Dealers Can Hide Some Damage Repairs to New Cars
New car sales are on the rise. This upswing in the market follows several years of flat or declining sales.
If you are considering a new car purchase, you should know about an Arizona law that gives you limited protection against a dealer practice that is more common than you might have thought.
New cars generally must be shipped great distances from the manufacturing plant to a dealer location. In some cases, these journeys include ocean voyages. Custom equipped railroad cars and trucks can be loaded with automobiles stacked at angles.
Unlike other reasonably fragile consumer products, such as televisions, refrigerators or lamps, new cars are not surrounded by packing material to prevent accident damage in transit.
Because of these methods, some cars are damaged by accident during shipment to the dealer. Others are damaged while on the dealer’s lot. It is not uncommon for dealers to repair accident damage on a new car and conceal this fact from prospective buyers. To a degree, this practice is legal in Arizona.
If the cost of repair does not exceed 3 percent of the manufacturer’s suggested retail price of the car, Arizona law does not require the dealer to inform a buyer of the damage or the steps taken to correct it. The law requires that repair costs be measured by the warranty rate for labor and parts.
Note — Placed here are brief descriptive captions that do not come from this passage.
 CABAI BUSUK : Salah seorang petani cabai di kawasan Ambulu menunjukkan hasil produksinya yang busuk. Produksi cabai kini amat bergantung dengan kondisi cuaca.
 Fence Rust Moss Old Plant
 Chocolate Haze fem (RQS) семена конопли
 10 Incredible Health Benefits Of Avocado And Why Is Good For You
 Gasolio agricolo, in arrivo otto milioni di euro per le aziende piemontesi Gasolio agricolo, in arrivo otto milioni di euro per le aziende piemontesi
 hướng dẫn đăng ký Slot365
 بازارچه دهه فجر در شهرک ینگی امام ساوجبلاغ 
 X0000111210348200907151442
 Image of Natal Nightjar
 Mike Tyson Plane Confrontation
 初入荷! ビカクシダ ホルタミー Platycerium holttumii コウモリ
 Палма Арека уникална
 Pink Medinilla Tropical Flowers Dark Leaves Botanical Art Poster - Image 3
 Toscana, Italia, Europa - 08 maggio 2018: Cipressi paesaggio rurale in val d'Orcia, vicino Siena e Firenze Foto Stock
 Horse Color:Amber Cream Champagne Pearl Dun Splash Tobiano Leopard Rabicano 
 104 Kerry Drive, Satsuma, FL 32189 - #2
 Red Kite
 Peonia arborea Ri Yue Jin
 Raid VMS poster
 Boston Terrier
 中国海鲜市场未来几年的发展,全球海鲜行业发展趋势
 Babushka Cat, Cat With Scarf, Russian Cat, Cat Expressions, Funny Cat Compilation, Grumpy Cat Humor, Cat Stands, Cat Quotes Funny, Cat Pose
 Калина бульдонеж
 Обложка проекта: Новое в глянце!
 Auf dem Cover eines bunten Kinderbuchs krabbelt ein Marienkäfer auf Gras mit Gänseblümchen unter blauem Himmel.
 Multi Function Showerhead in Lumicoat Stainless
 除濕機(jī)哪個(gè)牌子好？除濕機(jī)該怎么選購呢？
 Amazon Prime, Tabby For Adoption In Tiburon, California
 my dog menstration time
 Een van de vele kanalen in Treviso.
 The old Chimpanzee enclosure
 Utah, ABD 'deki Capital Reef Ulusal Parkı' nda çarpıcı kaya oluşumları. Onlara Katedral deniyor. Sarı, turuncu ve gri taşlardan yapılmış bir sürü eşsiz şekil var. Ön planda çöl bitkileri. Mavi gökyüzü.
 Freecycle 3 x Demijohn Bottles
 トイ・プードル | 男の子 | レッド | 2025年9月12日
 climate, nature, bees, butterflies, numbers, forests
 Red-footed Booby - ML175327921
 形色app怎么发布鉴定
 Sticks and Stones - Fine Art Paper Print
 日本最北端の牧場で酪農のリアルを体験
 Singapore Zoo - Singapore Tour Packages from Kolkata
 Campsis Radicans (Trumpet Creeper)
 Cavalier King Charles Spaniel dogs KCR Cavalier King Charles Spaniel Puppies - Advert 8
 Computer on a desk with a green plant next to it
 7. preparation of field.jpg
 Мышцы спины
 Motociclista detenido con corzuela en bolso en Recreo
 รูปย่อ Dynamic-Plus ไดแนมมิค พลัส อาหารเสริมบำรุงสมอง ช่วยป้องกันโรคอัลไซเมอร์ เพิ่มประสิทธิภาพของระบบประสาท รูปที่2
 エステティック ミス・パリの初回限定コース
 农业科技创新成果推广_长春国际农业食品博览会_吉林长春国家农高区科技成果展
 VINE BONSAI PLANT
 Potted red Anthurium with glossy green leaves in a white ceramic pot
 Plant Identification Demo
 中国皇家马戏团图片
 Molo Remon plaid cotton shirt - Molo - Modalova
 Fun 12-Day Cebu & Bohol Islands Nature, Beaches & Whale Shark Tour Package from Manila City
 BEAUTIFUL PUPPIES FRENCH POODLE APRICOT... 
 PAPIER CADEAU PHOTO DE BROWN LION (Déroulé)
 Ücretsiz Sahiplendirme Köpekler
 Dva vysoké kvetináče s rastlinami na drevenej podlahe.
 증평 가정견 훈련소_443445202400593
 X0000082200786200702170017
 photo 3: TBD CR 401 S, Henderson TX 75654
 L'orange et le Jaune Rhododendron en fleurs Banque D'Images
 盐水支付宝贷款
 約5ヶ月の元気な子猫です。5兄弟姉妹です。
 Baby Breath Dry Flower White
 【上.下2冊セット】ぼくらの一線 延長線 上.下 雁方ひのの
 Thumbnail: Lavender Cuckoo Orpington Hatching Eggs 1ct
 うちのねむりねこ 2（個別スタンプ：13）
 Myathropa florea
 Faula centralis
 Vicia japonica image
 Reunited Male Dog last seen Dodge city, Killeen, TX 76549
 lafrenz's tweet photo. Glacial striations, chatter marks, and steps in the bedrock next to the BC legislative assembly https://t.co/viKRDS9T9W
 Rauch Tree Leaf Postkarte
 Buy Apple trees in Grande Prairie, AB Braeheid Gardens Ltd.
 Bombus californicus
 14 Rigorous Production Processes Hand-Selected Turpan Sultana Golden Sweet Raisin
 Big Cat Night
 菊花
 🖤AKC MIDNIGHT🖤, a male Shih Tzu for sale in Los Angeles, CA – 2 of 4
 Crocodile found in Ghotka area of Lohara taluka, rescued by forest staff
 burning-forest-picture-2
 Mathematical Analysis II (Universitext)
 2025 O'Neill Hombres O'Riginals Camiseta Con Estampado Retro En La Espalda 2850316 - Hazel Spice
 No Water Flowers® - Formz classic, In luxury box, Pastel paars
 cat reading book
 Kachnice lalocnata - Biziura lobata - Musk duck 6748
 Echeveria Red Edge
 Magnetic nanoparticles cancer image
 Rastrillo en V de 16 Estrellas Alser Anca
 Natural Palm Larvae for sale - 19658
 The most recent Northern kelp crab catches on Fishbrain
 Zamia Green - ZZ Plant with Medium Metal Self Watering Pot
For example, if repair costs on a $30,000 automobile do not exceed $900, no disclosure is required. Furthermore, dealers are not required to tell buyers about any damage to glass, tires or bumpers if these parts were replaced with comparable equipment.
More severe damage to a new car must be disclosed in writing. A dealer’s failure to do so gives the buyer a right to sue for damages.
Justice of the Peace Courts and their Small Claims Divisions can be used for this purpose. Although a lawyer is not required, you should consult one if the dealer will not informally resolve the matter to your satisfaction.